■ Work to complete
From the line containing "Custodia per iPhone 16 Plus Pulcino Sci" through the last line of the entries below, repeat each line word for word and leave out the rest.

■ Task data
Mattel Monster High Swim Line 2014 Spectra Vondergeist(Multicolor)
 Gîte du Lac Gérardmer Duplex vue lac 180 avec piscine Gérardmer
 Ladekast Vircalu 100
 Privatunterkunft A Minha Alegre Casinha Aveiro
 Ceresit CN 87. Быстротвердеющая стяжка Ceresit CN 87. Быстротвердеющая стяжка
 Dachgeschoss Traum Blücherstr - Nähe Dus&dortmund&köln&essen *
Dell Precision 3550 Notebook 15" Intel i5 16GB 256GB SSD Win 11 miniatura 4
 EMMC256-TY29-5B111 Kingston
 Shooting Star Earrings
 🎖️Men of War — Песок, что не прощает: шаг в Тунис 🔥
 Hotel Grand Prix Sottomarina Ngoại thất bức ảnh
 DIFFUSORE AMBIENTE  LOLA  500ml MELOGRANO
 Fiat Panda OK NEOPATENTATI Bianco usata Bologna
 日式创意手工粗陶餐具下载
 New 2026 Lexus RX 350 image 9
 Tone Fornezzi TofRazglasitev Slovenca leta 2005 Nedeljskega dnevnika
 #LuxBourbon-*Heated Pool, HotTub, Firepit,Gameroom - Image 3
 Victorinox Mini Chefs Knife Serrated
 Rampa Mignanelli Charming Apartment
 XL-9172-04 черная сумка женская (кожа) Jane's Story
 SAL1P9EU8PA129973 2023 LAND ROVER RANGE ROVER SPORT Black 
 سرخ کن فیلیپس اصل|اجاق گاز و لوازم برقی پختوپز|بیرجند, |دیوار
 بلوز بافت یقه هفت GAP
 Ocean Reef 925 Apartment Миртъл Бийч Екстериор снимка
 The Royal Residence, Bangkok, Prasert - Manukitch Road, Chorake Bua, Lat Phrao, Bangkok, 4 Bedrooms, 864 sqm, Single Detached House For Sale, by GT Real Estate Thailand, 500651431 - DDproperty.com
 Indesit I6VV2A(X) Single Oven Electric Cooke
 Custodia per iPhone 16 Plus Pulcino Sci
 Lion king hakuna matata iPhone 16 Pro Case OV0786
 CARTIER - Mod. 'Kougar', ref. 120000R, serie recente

■ Finished task
 Custodia per iPhone 16 Plus Pulcino Sci
 Lion king hakuna matata iPhone 16 Pro Case OV0786
 CARTIER - Mod. 'Kougar', ref. 120000R, serie recente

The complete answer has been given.